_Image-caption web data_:
***

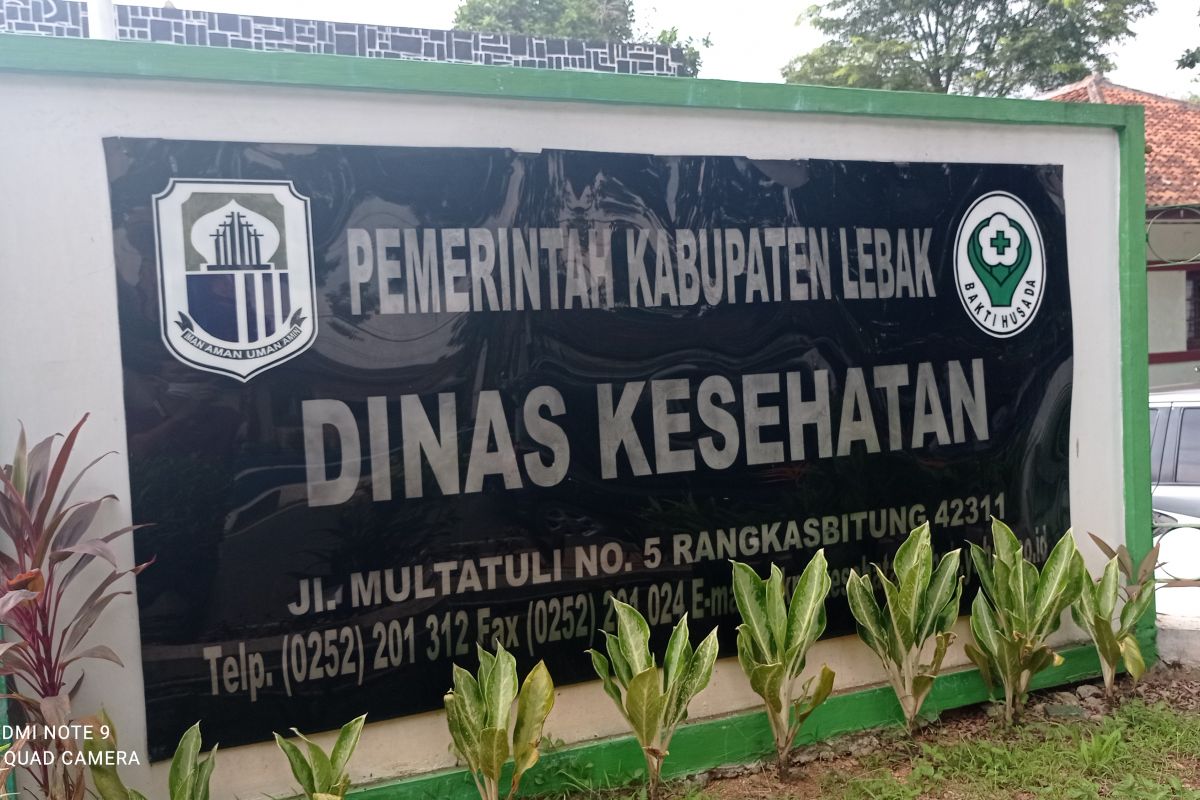 Dinkes Kabupaten Lebak prioritaskan upaya pencegahan tengkes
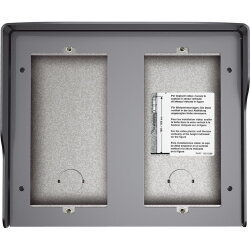 Bticino AP-Kasten 350643 4 Module ALLSTREET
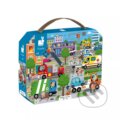 Puzzle: Puzzle Mesto 36 (Janod). Janod, 2022 Puzzle: Puzzle Mesto 36 (Janod). Janod, 2022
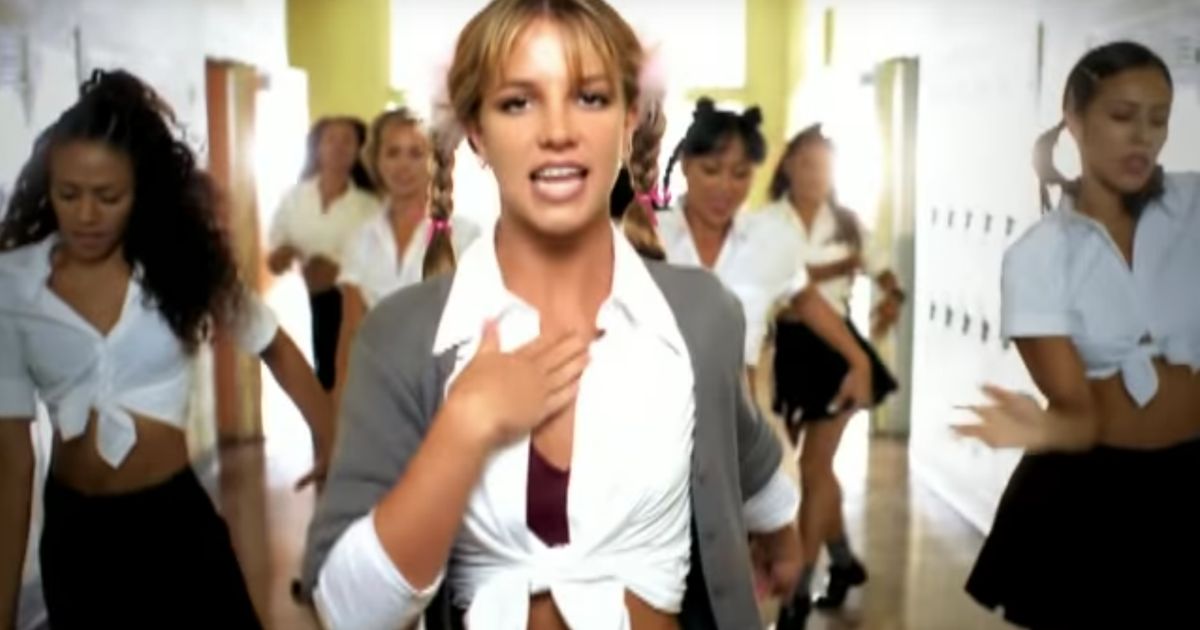 Baby One More Time At Here S Facts About Britney Spears Pop Debut You Definitely Didn T Know Huffpost Uk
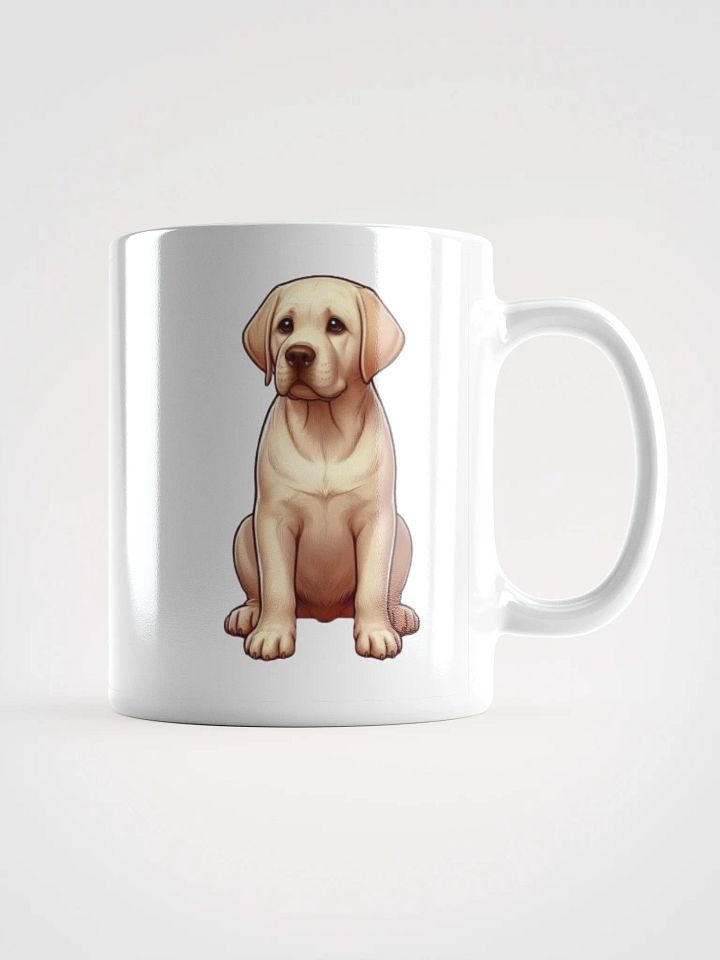 Yellow Lab Mug product image (1)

***

_Requirement_:
The records above are to be restated word for word, excluding all pictures.

_Task result_:
 Dinkes Kabupaten Lebak prioritaskan upaya pencegahan tengkes
 Bticino AP-Kasten 350643 4 Module ALLSTREET
 Puzzle: Puzzle Mesto 36 (Janod). Janod, 2022 Puzzle: Puzzle Mesto 36 (Janod). Janod, 2022
 Baby One More Time At Here S Facts About Britney Spears Pop Debut You Definitely Didn T Know Huffpost Uk
 Yellow Lab Mug product image (1)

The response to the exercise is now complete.